Newly inaugurated President Bola Tinubu pledged to remove fuel subsidies, a popular but costly benefit that has drained millions annually from government coffers.
Image: Screengrab from Reuters video

The Nigeria Sovereign Investment Authority (NSIA) expects to receive $100m to $200m this year from the government and the removal of fuel subsidies would boost the amount of cash available, its chief investment officer told a panel in London on Wednesday.

Newly inaugurated President Bola Tinubu pledged to remove fuel subsidies, a popular but costly benefit that has drained millions annually from government coffers.

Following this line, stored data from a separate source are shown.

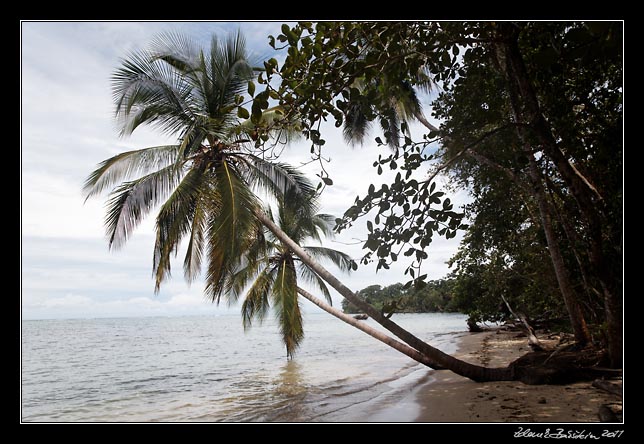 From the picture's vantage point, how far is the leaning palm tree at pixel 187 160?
7.50 metres

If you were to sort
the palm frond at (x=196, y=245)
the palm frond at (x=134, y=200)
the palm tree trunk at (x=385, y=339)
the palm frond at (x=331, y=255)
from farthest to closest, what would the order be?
the palm frond at (x=331, y=255) < the palm frond at (x=196, y=245) < the palm frond at (x=134, y=200) < the palm tree trunk at (x=385, y=339)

Kola Owodunni, NSIA's chief investment officer, told a panel at the Sovereign Wealth Fund Institute conference in London that the move would help bolster NSIA finances by allowing more oil revenue to reach the government.

Much of the excess revenue that would have gone to NSIA in recent years went to subsidies, Owodunni said.

“With the removal of subsidies ... we expect to see more money,” he said.

Owodunni said NSIA received roughly $50m last year, after getting virtually nothing in 2021.

Over the past eight years, Nigeria's finances overall were constrained by myriad challenges facing Africa's most populous nation and biggest oil exporter, including some years of low crude prices, high subsidy costs, the Covid-19 pandemic and, recently, oil theft that limited output.

However, Owodunni said they obtained money each year that was earmarked for projects in the presidential infrastructure fund. He added that Tinubu, perceived as more business-friendly than his socialist-leaning predecessor, would improve the investment environment.

Owodunni said an oil reform law signed by previous president Muhammadu Buhari in 2021 had changed the formula of what the NSIA would receive. It earmarked a certain percentage of money based on the price of oil, rather than the previous, more complicated formula that incorporated prices and production.

The new formula will take effect gradually, Owodunni said, as companies with production-sharing contracts with the government move to the new law as their previous contracts expire. Once all oil contracts are covered by the new law, he said the money coming the NSIA will rise sharply.

“We expect it to grow exponentially in 2024,” Owodunni said.